Written by J.T. Johnson
DIRECTOR: Lee Unkrich
CINEMATOGRAPY: Jeremy Lasky, Kim White
WRITER: Michael Arndt
MUSIC: Randy Newman
The toys are back on the big screen and now they must face their greatest challenge: retirement. Andy (John Morris) is all grown up and about to head to college. Therefore, the toys are getting ready for their big move into the attic. Woody (Tom Hanks) assures the other toys that none of them will get thrown away even though he is also unsure about what will happen.
Then a big misunderstanding occurs. Just before Andy can put all of his toys in the attic, his mom takes the trash bag that they are in and puts it on the curb. After the toys escape from the bag, they climb into a box destined for Sunnyside Daycare. Once there, Buzz (Tim Allen) and all of the toys except for Woody think that daycare is a dream land. Woody still can’t get over the fact that Andy is grown up and escapes in order to be reunited with his owner.
Soon, the other toys realize that their dream paradise is not all that it seems. It turns out that Lots-O’-Huggin’ Bear, or Lotso (Ned Beatty), is the leader of the toys at Sunnyside and he makes the new toys stay with the toddlers who are not age-appropriate. Therefore, the toys decide to escape and also return to Andy. That is, if they can turn off Buzz’s demo mode.

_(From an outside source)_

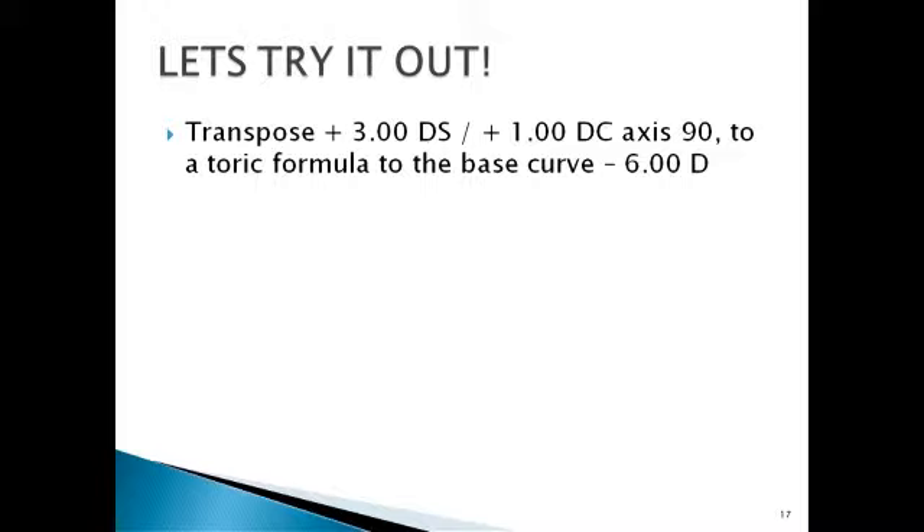Spherical equivalent is when you don't want the cylinder at all. Transposition is when the same lens has been written in plus cylinder form by one examiner and minus cylinder form by another — you're just changing the notation. The power doesn't reduce. Plus three and plus two remains plus three and plus two; one writes it plus two plus one, the other writes it plus three minus one. The formula: algebraically add sphere and cylinder, change the sign of the old cylinder, and change the axis of the old cylinder by 90 degrees.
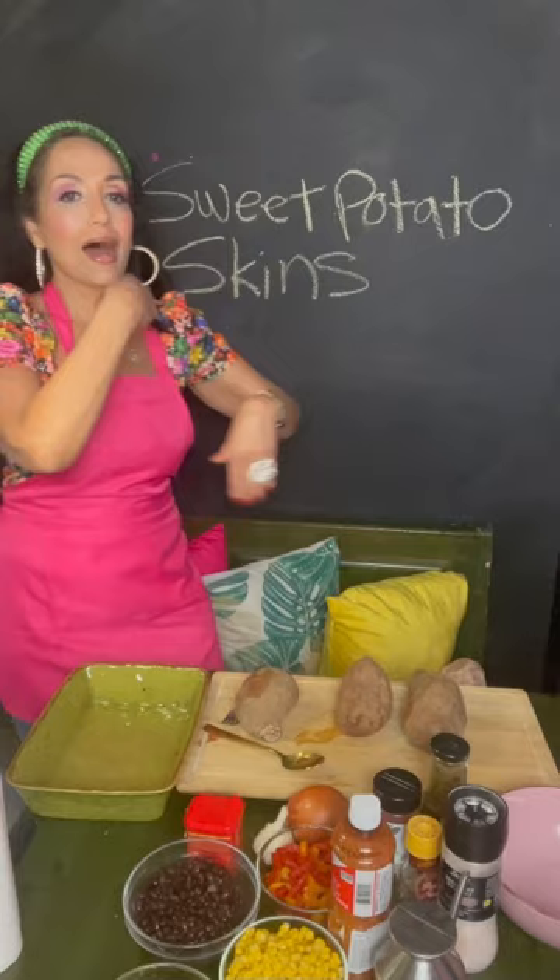Hey, hey, Ka-Wayne is back! Welcome back, y'all. So good to see you, and I'm so excited for today's recipe. Guess what we have on the menu today? We have sweet potato skins, and I'm doing it Mexican style.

It’s been 15 years since the franchise started and in that time, Pixar has made several advancements in the technology. In fact, Pixar announced that they couldn’t access their original files and they had to recreate every character from the first two films from scratch. Well, the artists at the studio have done a phenomenal job.
The only real problem is that there are some computer generated effects that are too photo-realistic. While this isn’t the worst thing in the world and is quite an impressive feat of technology, it can take the audience member out of the film for a moment. Sometimes, the characters don’t completely feel like they belong in the scene. One shouldn’t worry, though. This is only a small problem in a film that lives up to the hype surrounding it.

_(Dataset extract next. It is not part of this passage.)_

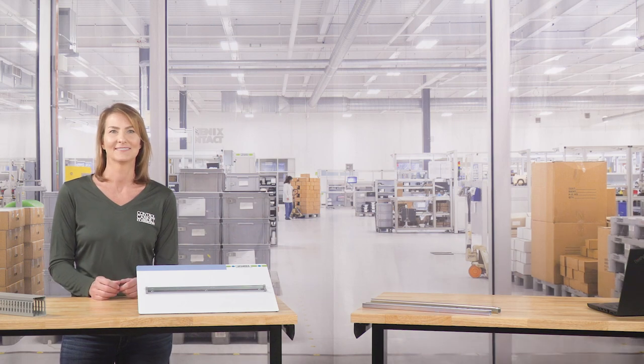You see them up, down, and all around industrial control cabinets. They're simple, but yet oh so helpful. I was talking about WireDuct and DIN Rail.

The story, like the first two, doesn’t play just for the kiddies. There are plenty of things that adults will also find fun and exciting, as well. The last two “Shrek” films lost this balance between entertaining both children and adults and the people over at Dreamworks Animation could learn a thing or two from Pixar.

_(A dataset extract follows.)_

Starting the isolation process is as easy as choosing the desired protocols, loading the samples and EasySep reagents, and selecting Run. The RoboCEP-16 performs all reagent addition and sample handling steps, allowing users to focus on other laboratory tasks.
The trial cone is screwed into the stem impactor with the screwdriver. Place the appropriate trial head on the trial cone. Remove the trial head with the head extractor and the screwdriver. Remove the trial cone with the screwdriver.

As far as antagonists go, Lotso is probably the darkest and most complex villain found in the entire series. In fact, there are some scenes detailing his background that may be a little too dark for younger kids in the audience. However, the kids will probably be fine and it’s doubtful any nightmares will occur.
Almost the entire cast is back and their voice work is better than ever. Hanks and Allen have always worked well together in the animated world and this is no exception. The only voice that has been changed, unfortunately, is that of Slinky Dog. He was voiced by the late Jim Varney in the first two installments. Here, he is voiced by Blake Clark and he does a great job and honors his friend with his performance.
As stated before, it’s been 15 years since the release of the original “Toy Story” back in 1995. With the third chapter, Pixar has done something that is rare in the film business. They have made a sequel that is not only entertaining, but it also gives the trilogy a proper conclusion that the kids, the parents and even the adults who grew up with these films can truly enjoy.